The role of the European Commission as guardian of compliance

An inquiry on the EU infringement procedure


Texte Universitaire, 2019
26 Pages, Note: 1,0

Extrait

Table of content

Table of content

Table index

1. Introduction

2. The EU infringement procedure in general

3. The role of the Commission for monitoring and law enforcement
I. Various enforcement strategies
II. The CJEU and its role as an interpretation assistant: Preliminary reference rulings as a judicial implementation alternative
III. Monitoring compliance in practice
IV. Self-interests as the origin for selective acting?

4. Non-compliance as a European deficiency?

5. The enforcement of fundamental values in the EU - current challenges and potential solutions

6. Conclusion and future prospects

Bibliography

Table index

Table 1 Classification of variables regarding their impact on compliance

1. Introduction

As part of this seminar paper, I will inquire the actions taken by European authorities to ensure that EU Member States follow their legal obligations under EU law. This paper will thereby primarily focus on the EU infringement procedure set out in Article 258 TFEU1 and particularly analyse the role of the European Commission as a “guardian” of compliance and assistant to the respective domestic legislators. In addition to this, I want to give an overview of alternative strategies and mechanisms to achieve compliance. As will be shown in the subsequent chapters,the Commission plays a significant role in the implementation process of EU law for it is an institution that only acts in the general interest of the Union, which inherently includes ensuring Member States` compliance.2 Consistent transposition of Community law is a crucial criterion for the hitchless functioning of the relationship between both the Union and its Member States and those among themselves. When analysing the role of the enforcement players, I will likewise provide insight into the political aspects of monitoring compliance.
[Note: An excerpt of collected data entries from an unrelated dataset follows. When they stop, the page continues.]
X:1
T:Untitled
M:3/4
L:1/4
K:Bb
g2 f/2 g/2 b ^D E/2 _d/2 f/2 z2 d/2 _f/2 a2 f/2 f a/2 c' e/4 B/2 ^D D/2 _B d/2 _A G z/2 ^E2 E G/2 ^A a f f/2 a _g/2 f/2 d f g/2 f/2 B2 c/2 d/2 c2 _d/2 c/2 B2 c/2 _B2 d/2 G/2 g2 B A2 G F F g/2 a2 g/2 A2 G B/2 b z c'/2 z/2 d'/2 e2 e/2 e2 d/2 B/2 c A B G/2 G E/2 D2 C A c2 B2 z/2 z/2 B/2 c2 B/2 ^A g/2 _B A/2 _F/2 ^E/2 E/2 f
Does the EU have a compliance problem? When looking at reports and statistics concerning initiated infringement procedures published by the Commission, this could be indeed assumed. After providing some general exposition of the treaty-based infringement procedure, I aim to examine various academic literature regarding this question. The inquiry will conclude with a statement concerning the (in)appropriateness of the EU infringement procedure. Due to the limited length of this seminar paper, a comprehensive examination of all aspects is unfortunately impossible. Nonetheless, I want to approach some of the issues in an interdisciplinary way.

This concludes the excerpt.